Some of it may have been intended for piano.


----------



## TwoFlutesOneTrumpet

Bulldog said:


> Although I can easily love Bach played on piano, I don't believe there is a single baroque solo keyboard composition that works best on piano. However, it's a good thing that those who find the harpsichord problematic have the trusty piano to maximize their listening pleasure.


You are right. There isn't a single baroque solo keyboard composition that works best on piano. They ALL work best on piano.


----------



## Bulldog

Can we at least agree that the artistry of the performer is more important than the instrument used?


----------



## TwoFlutesOneTrumpet

Bulldog said:


> Can we at least agree that the artistry of the performer is more important than the instrument used?


I can't. I do not like the sound of the harpsichord and music performed on it loses much of its appeal to me. It's like listening to your favorite aria in Donald Duck's voice.

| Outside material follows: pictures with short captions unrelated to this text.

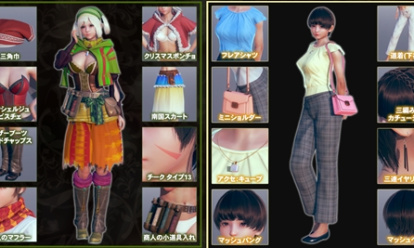 Honey Select2汉化版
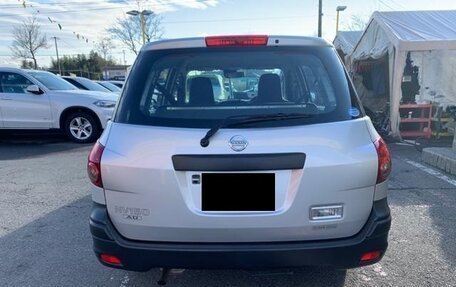 Nissan AD III, 2022 год, 867 000 рублей, 5 фотография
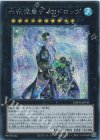 IMPH-JP041 SE 六花深聖ティアドロップ
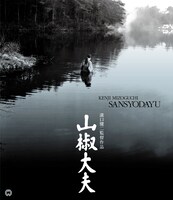 「山椒大夫」4Kデジタル修復版Blu-rayジャケット
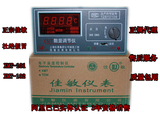 正品上海佳敏温控仪表XMT-101 102数显温度调节仪 温度控制器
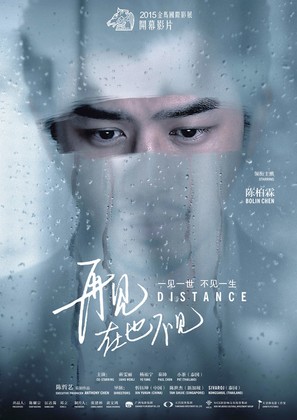 Distance - Chinese Movie Poster (thumbnail)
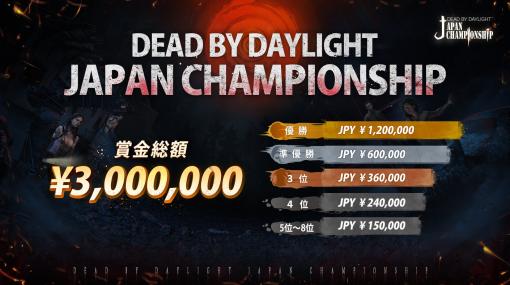 「Dead by Daylight」，日本初の公式大会が開催へ。賞金総額は300万円，エントリー受付が本日開始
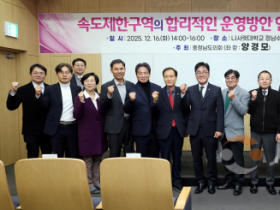 f_251216_속도제한구역의 합리적인 운영방안 연구 의정토론회 01.png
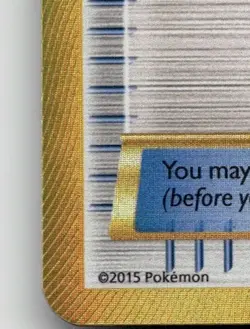 ENERGY SWITCH 109/108 SECRET RARE ROARING SKIES POKEMON MP - Image 5
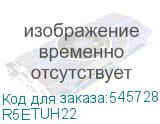R5ETUH22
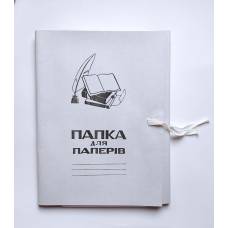 Папка картонна архівна, на зав’язках Папка картонна архівна, на зав’язках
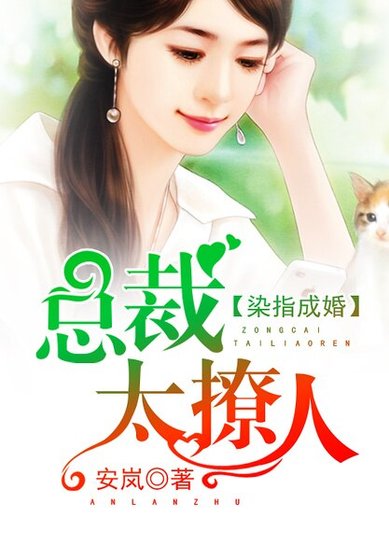 試愛成婚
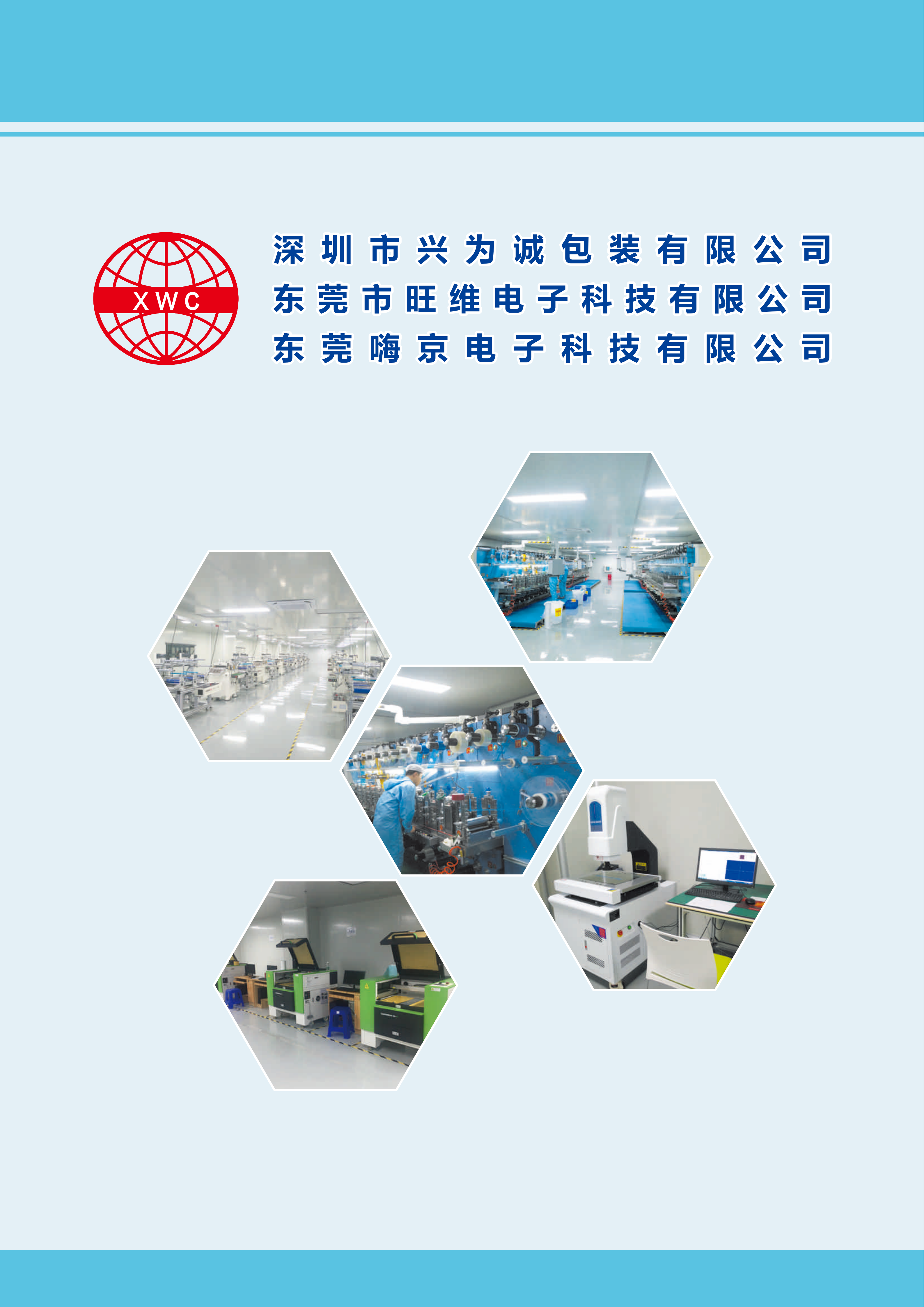兴为诚包装：AI眼镜模切辅料的可靠选择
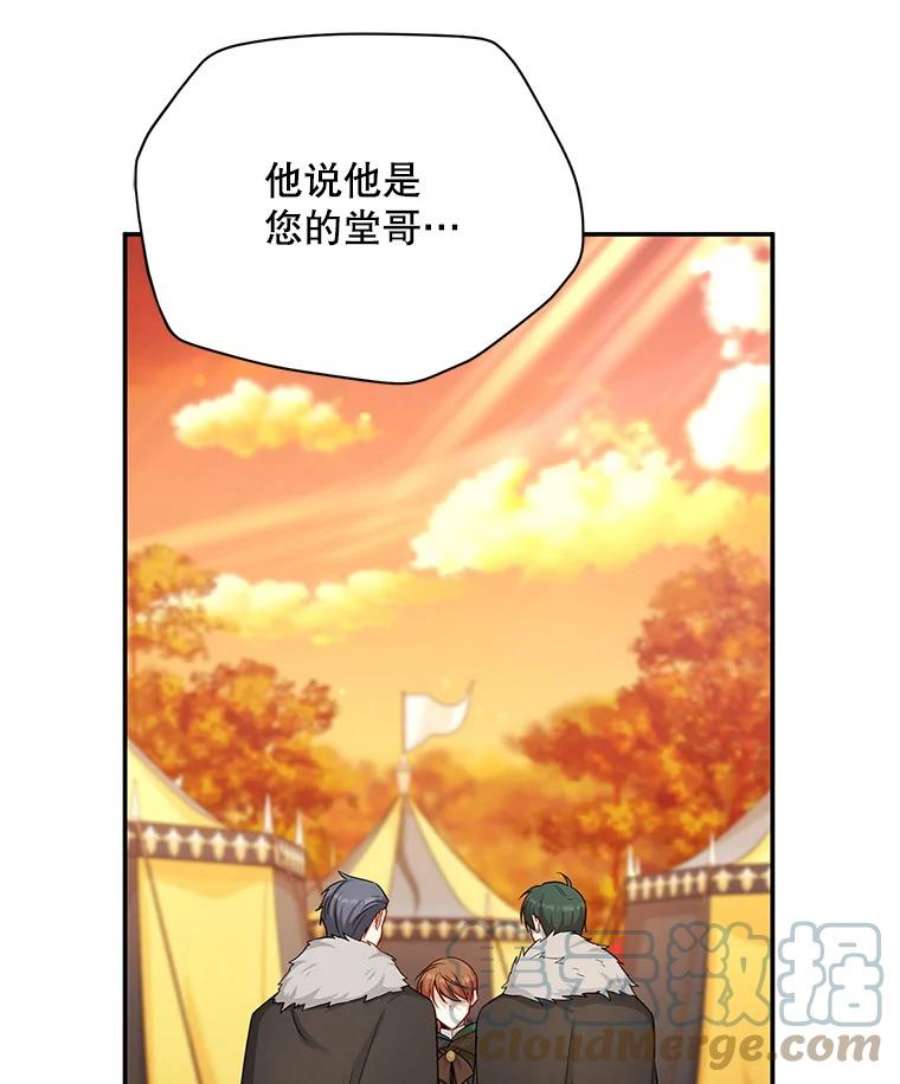 虚名的公爵之妻104.再逃跑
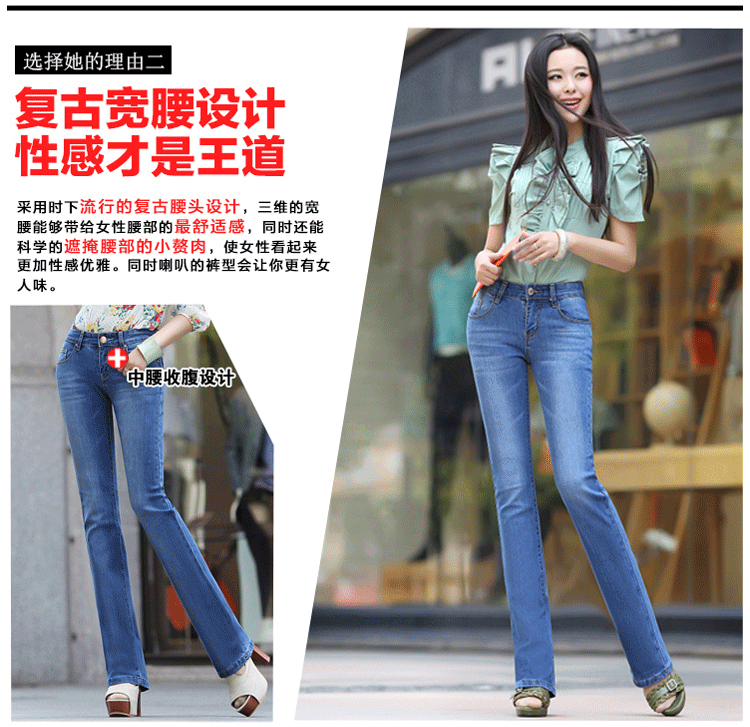 拉缇儿 小喇叭牛仔裤 修身显瘦喇叭裤女牛仔微喇裤 中腰翘臀喇叭牛仔长裤微叭 小喇叭弹力牛仔 27码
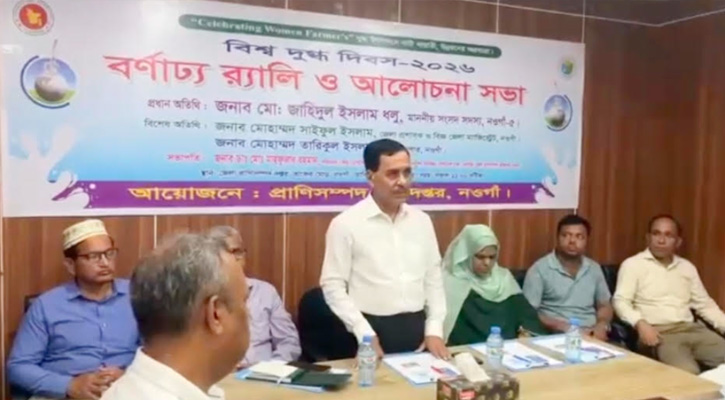নওগাঁয় বিশ্ব দুগ্ধ দিবস উপলক্ষে র‍্যালি ও আলোচনা সভা অনুষ্ঠিত
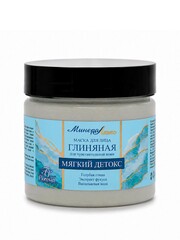 Floresan МИНЕРАЛЮКС Маска для лица глиняная для чувствительной кожи МЯГКИЙ ДЕТОКС 150мл (Ф-886)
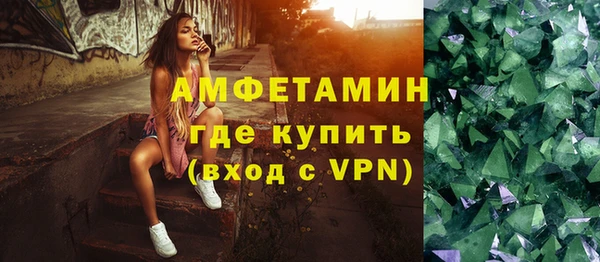 СК Мегион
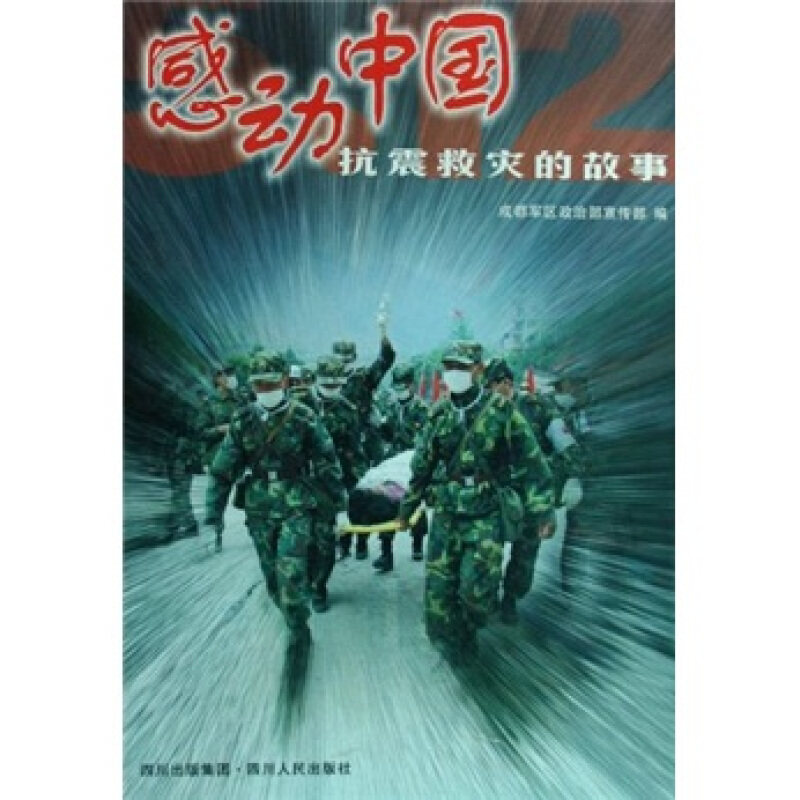 正版库存书 感动中国 抗震救灾的故事 9787220076527 成都军区政治部宣传部 四川人民出版社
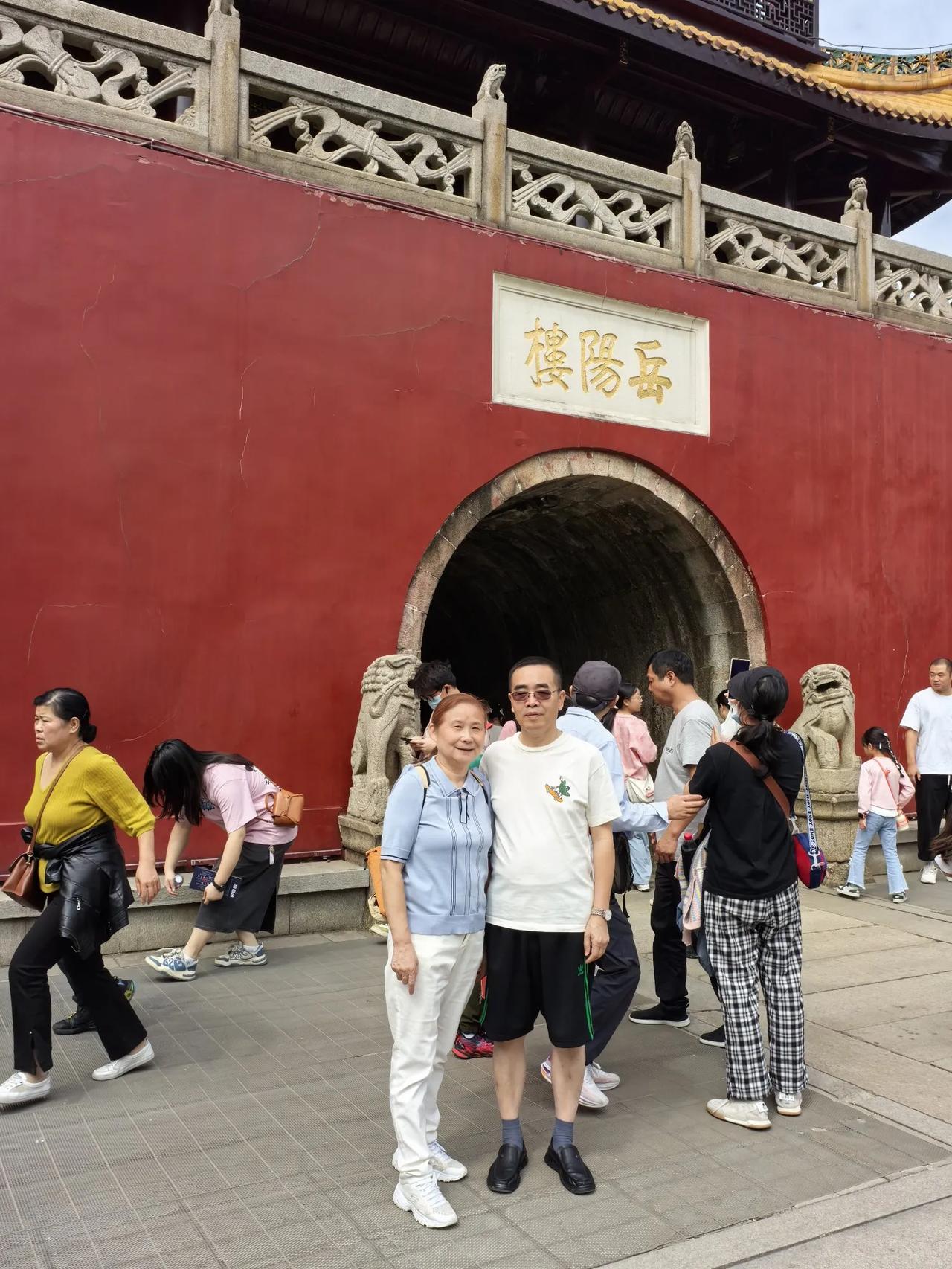 晒晒手机里的旅行美照处江湖之远则忧贪得无厌者！[捂脸][捂脸][捂脸]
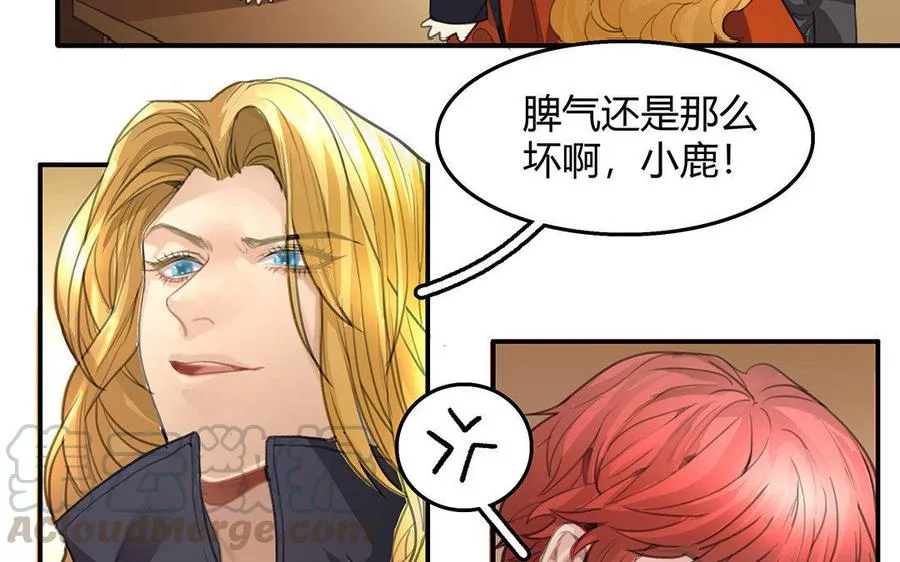 第06话 这下麻烦了30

Now of course the artistry of the performer is hugely important but luckily we have an abundance of superbly talented pianists who choose to play Bach.


----------



## tdc

I enjoy both piano and harpsichord for most Baroque solo keyboard works, for concertos or orchestral music featuring keyboard I think they sound much better with the harpsichord. Frankly I'll never understand some members aversion to the sound of this instrument.

To each their own.


----------



## Guest

To each their own,I second that.


----------



## bioluminescentsquid

Harpsichord, for me (but I listen to a lot of Gould!). Although most Bach transfers quite well to piano, I could never think of playing things like Forqueray on a piano - I would miss the huge, transparent bass of a harpsichord. But surprisingly, Sweelinck does remarkably well!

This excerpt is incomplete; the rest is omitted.